2 na 3 herbatniki dla dzieci są niezdrowe
7 marca 2019Akrylamid to związek chemiczny uwalniający się podczas pieczenia lub smażenia żywności w wysokiej temperaturze (powyżej 120 st. C) i przy niskiej wilgotności. Znaleźć go można przede wszystkim w chipsach ziemniaczanych, frytkach, krakersach, płatkach śniadaniowych (oprócz płatków owsianych), ciastkach, herbatnikach, waflach, pieczywie chrupkim, tostowym i kawie. Innymi słowy: w żywności konsumowanej przez wielu codziennie.
O tym, że akrylamid powoduje raka, po raz pierwszy zaczęto mówić w latach 90. W 2015 r. Europejski Urząd ds. Bezpieczeństwa Żywności (EFSA) oficjalnie uznał substancję dla niebezpieczną dla zdrowia i „mogącą zwiększać ryzyko rozwoju raka”. Dwa lata później Komisja Europejska wprowadziła przepisy, określające dopuszczalny poziom obecności akrylamidu w żywności, zwłaszcza w produktach przeznaczonych dla niemowląt i małych dzieci (do lat 3). Bo badania wykazały, że chociaż substancja jest szkodliwa dla wszystkich, to najbardziej narażoną grupą wiekową są dzieci z uwagi na niską masę ciała.
Szkodliwe ciastka i wafle
Tymczasem opublikowany właśnie raport organizacji konsumenckich ujawnił, że tak jak kawa, krakersy, płatki śniadaniowe czy frytki w zasadzie mieszczą się w widełkach pod względem zawartości niezdrowej substancji (kawa rozpuszczalna jest na granicy), tak sytuacja wygląda znacznie gorzej w przypadku chipsów czy herbatników. Okazało się, że 1/3 przebadanych chipsów i wafli przekroczyła dopuszczalne normy akrylamidu. Co ciekawe, zbyt wysoki poziom rakotwórczej substancji znaleziono także w chipsach warzywnych, powszechnie reklamowanych jako zdrowsze od ziemniaczanych.

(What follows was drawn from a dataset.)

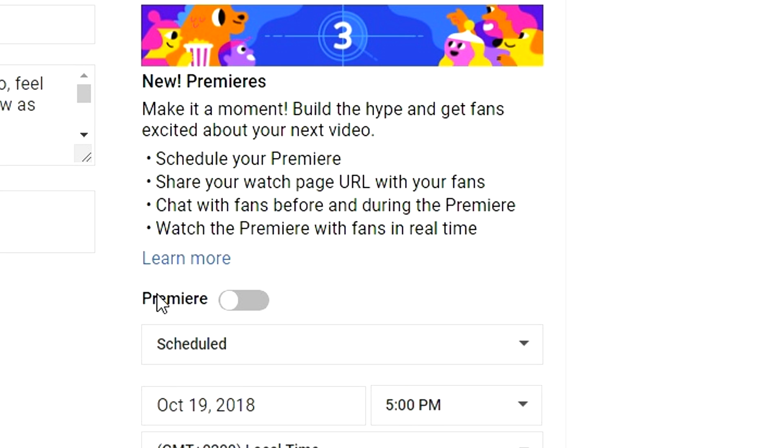Schedule your premiere. Share your watch page URL with your fans. Chat with fans before and during the premiere. Watch the premiere with fans in real time.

Najgorzej w testach wypadły jednak ciastka, wafelki i herbatniki. Tu już 2/3 produktów okazało się zawierać szkodliwe związki; co więcej 44 z nich reklamowane były jako artykuły dla dzieci – na ich opakowaniach widnieli bohaterowie dziecięcych kreskówek albo do zakupu dołączano maskotki.

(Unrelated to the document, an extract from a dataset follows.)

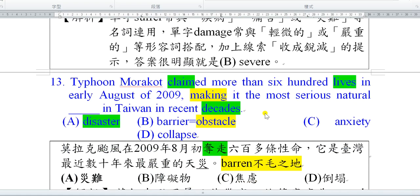好，第13題。Typhoon Morakot（莫拉克颱風）claim more than 600 lives。Claim這個字學測考過，在學測出現大部分不是宣稱的意思，而是奪走人的性命，所以夺走了超過600條人命，等同於kill。In early August of 2009，就是2009年8月初的時候。Making it—making是分詞構句的結構，本來應該是which made的概念。讓它成為the most serious natural disaster in Taiwan in recent years，在台灣最近10年來最嚴重的災難。Decade是10年的概念。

- Wielu rodziców daje kilkulatkom ciastka, wafelki czy herbatniki pierwotnie przeznaczone dla starszych dzieci albo dla dorosłych. Tymczasem badania wykazały, że 2 na 3 takie herbatniki zawierają za dużo niezdrowych substancji i są nieodpowiednie dla małych dzieci – mówi Monique Goyens z Europejskiej Organizacji Konsumenckiej BEUC.
Wszystko w rękach Komisji
Dlatego BEUC zaapelował do Komisji Europejskiej o obniżenie dopuszczalnego poziom akrylamidu w żywności „dla dorosłych” do poziomu dopuszczalnego w żywności dla niemowląt i małych dzieci. Specjaliści przekonują, że nie jest to wcale takie trudne. W przypadku np. produktów z ziemniaków wystarczy stosować inne ich odmiany, odpowiednio je przechowywać, najlepiej w suchym pomieszczeniu, nie używać niedojrzałych bulw ani takich, które już wypuszczają pędy. W procesie obróbki warto regularnie wymieniać olej we frytownicy oraz smażyć żywność w niższej temperaturze. Należy też wyrzucać przypalone sztuki.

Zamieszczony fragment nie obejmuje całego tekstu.